Microiontophoretic (local) application of IFN, Nal, and 5HT on the single neuronal activity of 5 brain locations reverses the effect of morphine [44,45], suggesting that IFN, Nal, and 5HT modulate the morphine effects. Moreover, the endogenous level of IFN was reported to be reduced by repetitive morphine applications [32,33]. We hypothesized that application of IFN attenuates significantly and/or reverses the morphine withdrawal expression [34,46-50]. Alpha-interferon is an endogenous protein that possesses non-specific potent antiproliferation properties toward immunomodulatory activity.

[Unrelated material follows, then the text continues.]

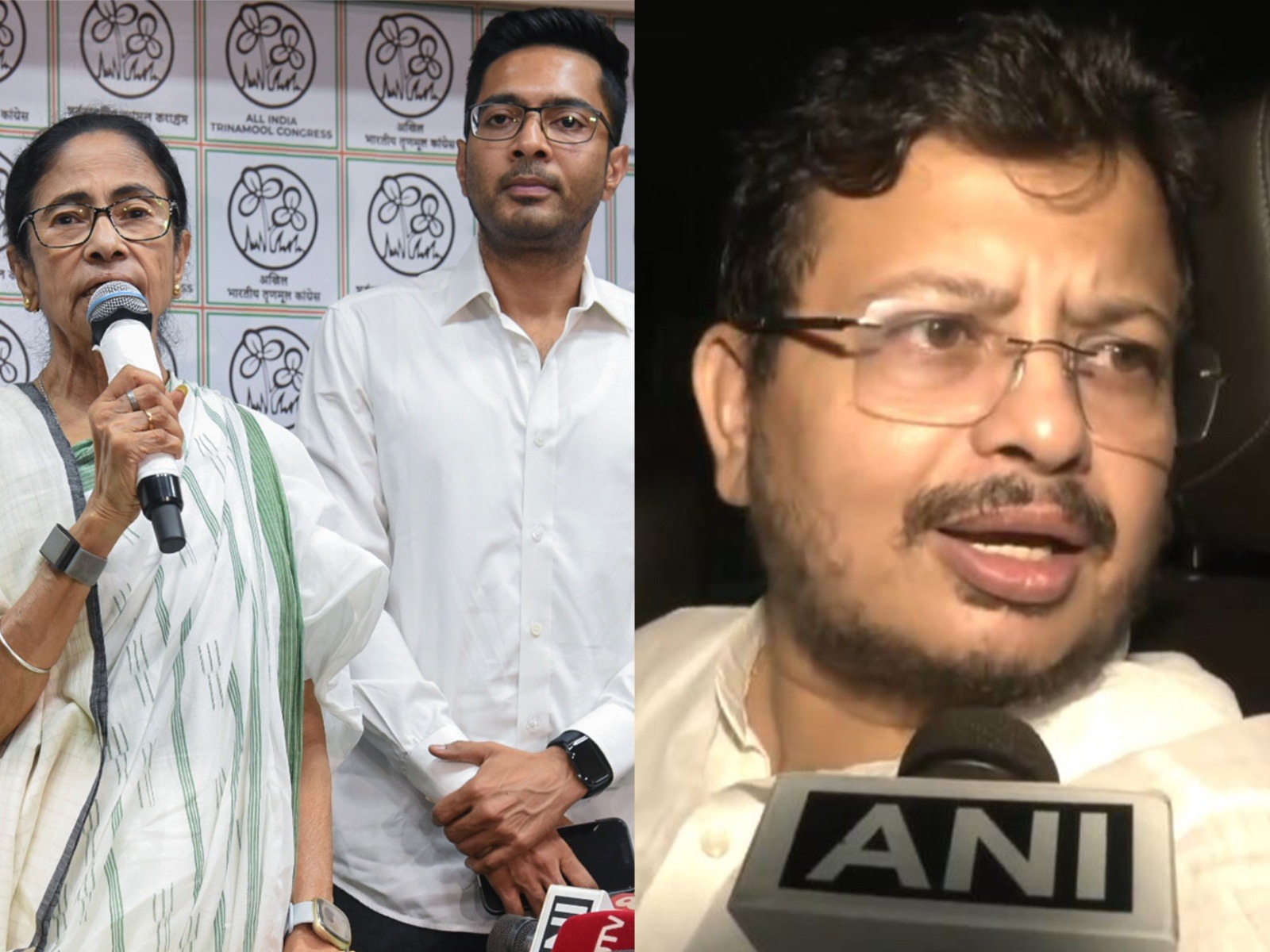 TMC supremo Mamata Banerjee, party MP Abhishek Banerjee and expelled TMC leader Ritabrata Banerjee amid escalating political developments in the state (Photo/ANI) TMC supremo Mamata Banerjee, party MP Abhishek Banerjee and expelled TMC leader Ritabrata Banerjee amid escalating political developments in the state (Photo/ANI)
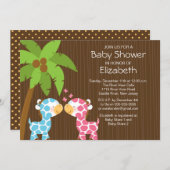 Jungle Giraffe Twins Baby Shower Invitation (Front/Back)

It rapidly produces a defense against foreign molecules [51,52] and is used for the treatment of chronic viral infections and malignant disorders [53]. Reyes-Vazquez et al., [33,45,53] reported that IFN modulates opiate-mediated phenomena by direct action on brain areas participating in the regulation of pain, temperature and food intake. Hori et al., [54] reported that IFN affects the central opiate receptors on neuronal membranes and on microglial cells, Reyes-Vazquez et al., [53] and Dougherty et al., [50] reported that in addition to opiate modulation, IFN modulates dopamine, serotonin and glutamate neurotransmitter systems as well endocrinologic and immunologic systems. Moreover, there is some structural similarity between IFN and endogenous endorphin [53,54].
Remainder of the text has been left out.